### What is required:
Retype the material below exactly, from its first line through the line with "狠洋勞保男鞋子冬季加絨棉鞋工作防滑耐磨秋季運動(dòng)登山黑色馬丁靴子男 黑色不加絨 43"; the pictures stay out.

[Source records — start]

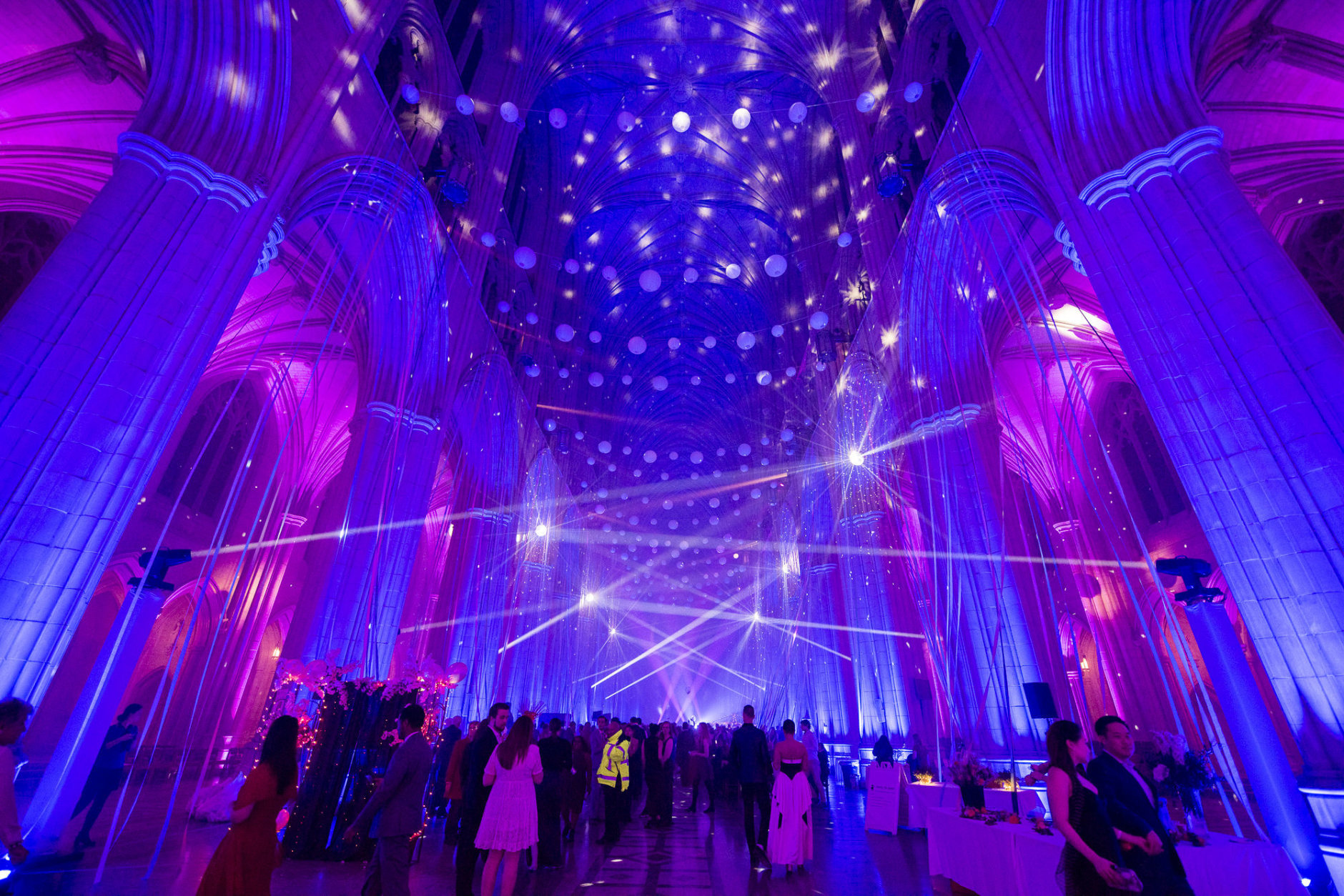 Adults gathered Thursday night inside a colorfully lit cathedral for a "Second Chance Prom." (Courtesy Washington National Cathedral)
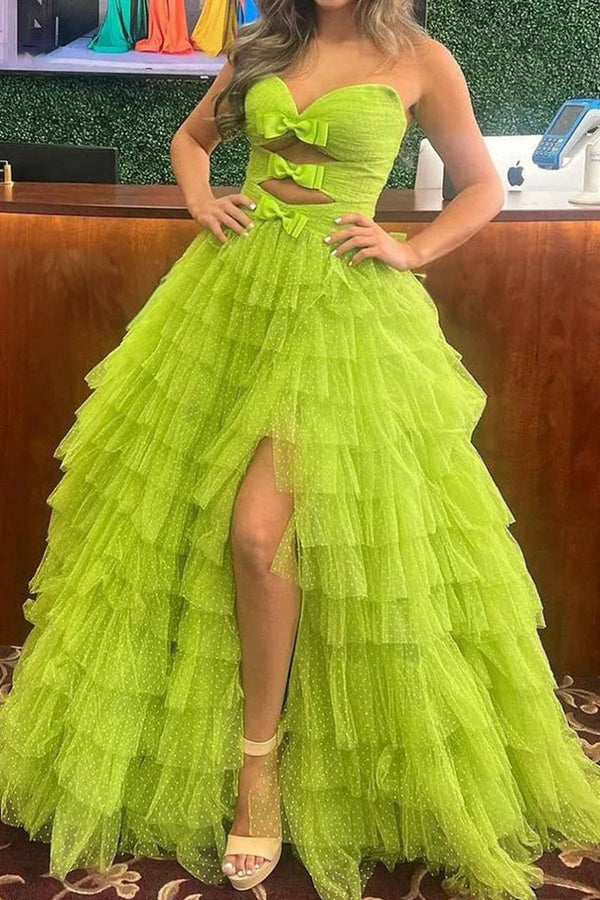 Polka Dot Strapless Ruffle Tiered Prom Gown with Keyholes – Prom Dress by KissProm | Available at KissProm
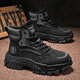 狠洋勞保男鞋子冬季加絨棉鞋工作防滑耐磨秋季運動(dòng)登山黑色馬丁靴子男 黑色不加絨 43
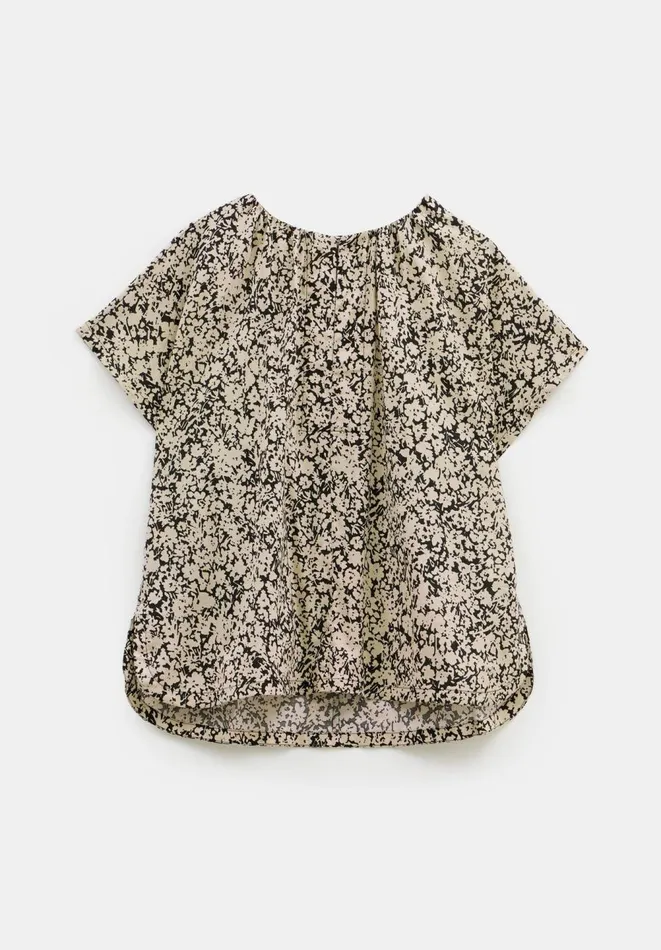 Hush Shirts and Blouses Women Taz Short Sleeve Blouse Silhouette Floral Neutral Hush Shirts and Blouses Women Taz Short Sleeve Blouse Silhouette Floral Neutral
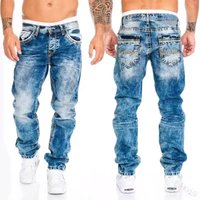 Cross border Supply Trendy Fashion Jeans Europe America Casual Distressed Straight leg Pants Hip hop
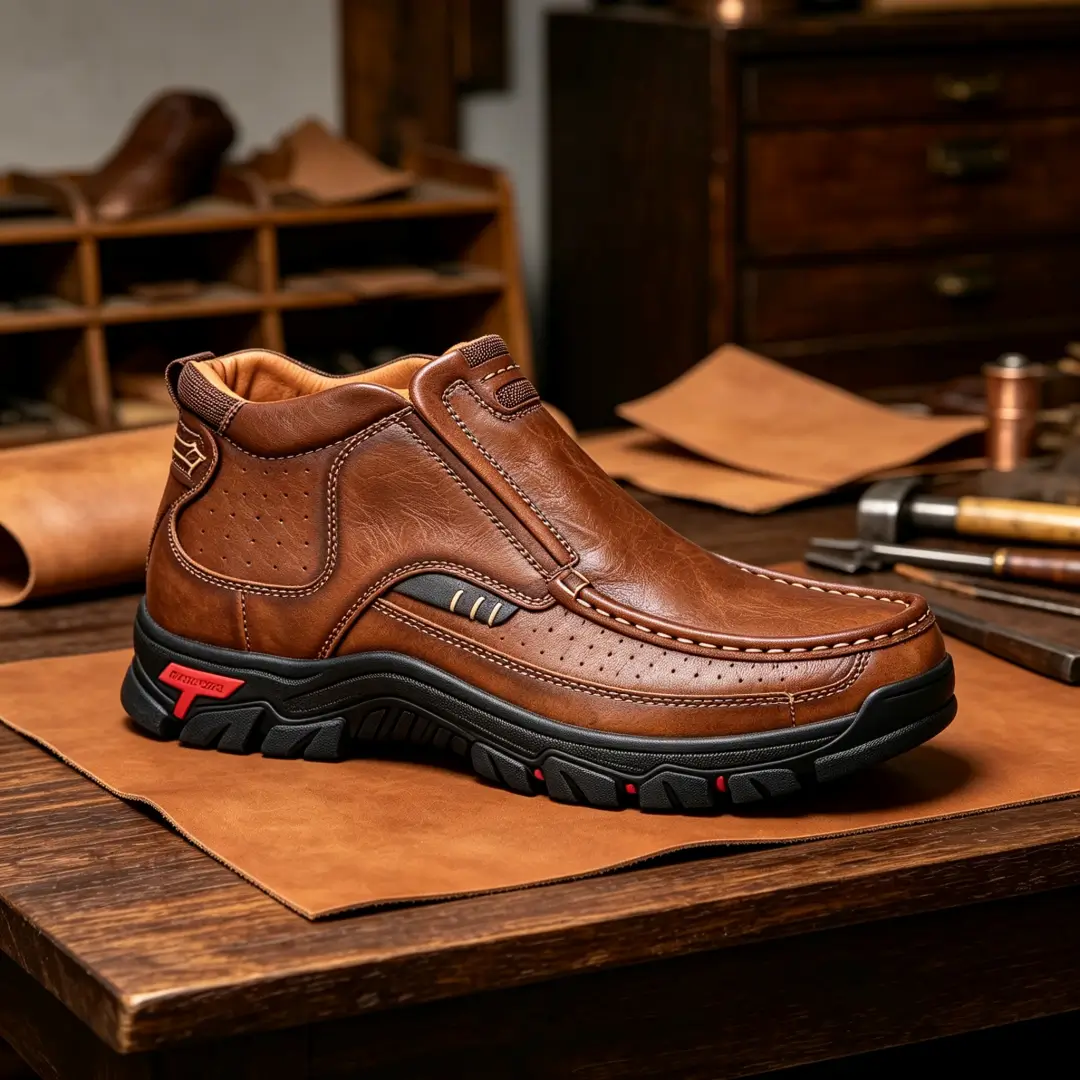 ⏰Limited Time 50% OFF🔥Men’s Orthopedic Genuine Leather Boots — Hands-Free Entry, Arch Support & Cushioned Comfort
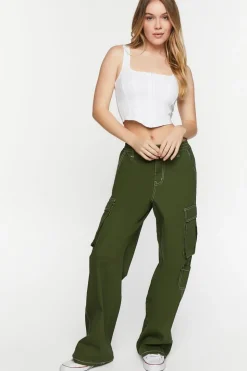 High-Rise Contrast-Trim Cargo Pants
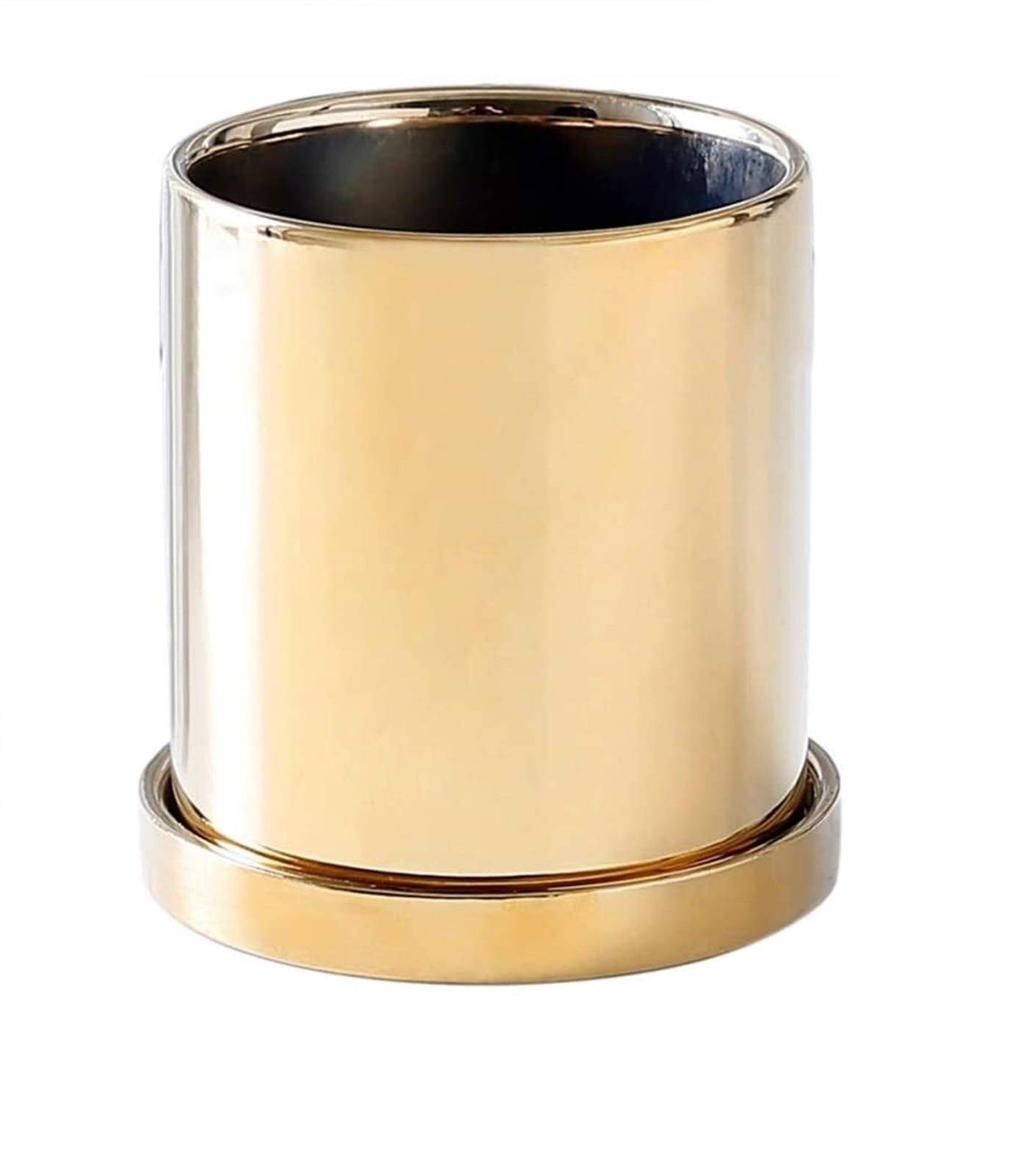 Golden Ceramic Flower Pot with Lotus Design - 14cm Round Decorative Vase for Indoor/Outdoor Plants, Home Decor, Wedding Centerpieces & Room Decoration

[Source records — finish]

### Response:
 Adults gathered Thursday night inside a colorfully lit cathedral for a "Second Chance Prom." (Courtesy Washington National Cathedral)
 Polka Dot Strapless Ruffle Tiered Prom Gown with Keyholes – Prom Dress by KissProm | Available at KissProm
 狠洋勞保男鞋子冬季加絨棉鞋工作防滑耐磨秋季運動(dòng)登山黑色馬丁靴子男 黑色不加絨 43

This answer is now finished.